Blobs Anatomy - Dynamic Links - part 3

In this blog post, I’m reviving my series on the internals of data blobs in Cinode. Dynamic links are a cornerstone of Cinode’s design, enabling secure, updatable references to data in a decentralized network. So far, we’ve covered topics related to dynamic links, most notably:

Data layout and verification of dynamic links on the public layer where I describe how the network is protected against bogus data propagation and how the forward-progress rule is applied on dynamic links
Encryption of the link target where we can see how dynamic link encrypts the data and what is needed to do this safely

The previous post on encryption briefly introduced a peculiar construct called the ‘key validation block.’ Today’s post will delve into this enigmatic piece of data. With these additional details, the picture becomes significantly more intricate. Here it is:

Dynamic Links - Private Layer — View of dynamic link private layers with validation flows.

Before we go further, I’d like to emphasize that this content may be hard to understand without the knowledge of cryptographic terms. I also encourage you to read first two posts in the series.

Deterministic generation of keys and IVs

Cinode is designed for use in hostile environments where the trustworthiness of other network actors cannot be fully guaranteed. The majority of attack vectors are mitigated through encryption. All network data is transmitted securely, without plaintext, and the network rejects any data that cannot be verifiably authenticated. However, this represents just one layer of protection.

Another point of concern lies within the private layer—data transmitted between users. What if a publisher, even with the correct key pairs, cannot be trusted? This issue might not always stem from malicious intent. It could also arise due to implementation errors or technical limitations. A publisher could also be the target of a malicious attack. I’d like to now focus on one such technically challenging area: cryptographically secure random generation. Many cryptographic schemes require a robust random source. Any bias or predictability in this random data can severely compromise security.

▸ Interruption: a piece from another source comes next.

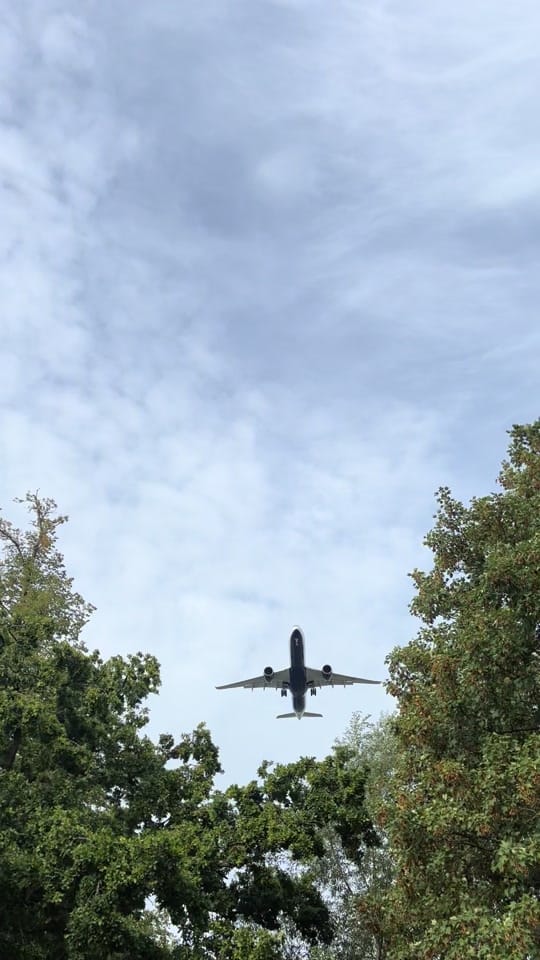 Post 5 by Aeroraptor on TikTok (video)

In practice, generating strong random data is challenging. Think of it like rolling a die—if the die is biased, the outcomes aren’t truly random, and an attacker could predict the results. Serious flaws have been identified in system-wide random generators, such as those in Microsoft Windows or Debian’s OpenSSL library. On Linux, the transition to virtual machines has led to concerns about the quality of random data. There was also a debate on the Linux kernel mailing lists not so long ago about whether to disable the latest AMD CPU extensions for random generation due to bugs and stability issues.

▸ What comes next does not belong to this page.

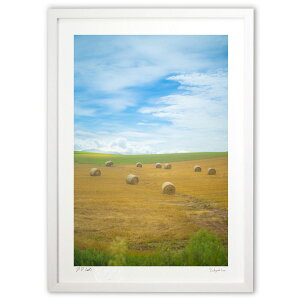 ŉ qꃍ[ ({ \i)CeA Ǌ| z i |X^[ A[g rO ւɏ  v[g _ A[gt[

There’s another property of random numbers—often a desired one—that simultaneously alarms me. Given some random value, we cannot distinguish between a truly random one and some arbitrary value injected there on purpose. That’s a perfect place to insert carefully crafted values introducing some kind of a backdoor. Even now, some people believe that certain magic numbers in popular ciphers were not really chosen randomly, questioning the security of those constructs.

Cinode often adopts a cautious, almost paranoid approach to using random sources. Maybe a bit too aggressively, but I’ve started avoiding random sources whenever possible. For example, the early version of the design allowed random keys for static blob encryption, whereas the current implementation strictly forbids such random keys; the reader must reject a blob if the encryption key was not generated in a deterministic and verifiable way.

Speaking of dynamic links, there are two very specific places where a replacement for random data is needed—the symmetric encryption key and the corresponding initialization vector (IV) value. Let’s take a look at both cases and see how the random source was replaced with a deterministic input.

IV generation

IV value is a bit simpler than the generation of the encryption key so let’s start with that one:

Recalling some knowledge from the cryptography world, the initialization vector (IV) must meet the requirement of being unique for different plaintext inputs when the same key is used. The construct chosen for dynamic links makes it not only unique for different data links but also unpredictable, making it a good choice not only for XChaCha20 but also for other ciphers requiring pseudorandom IV values.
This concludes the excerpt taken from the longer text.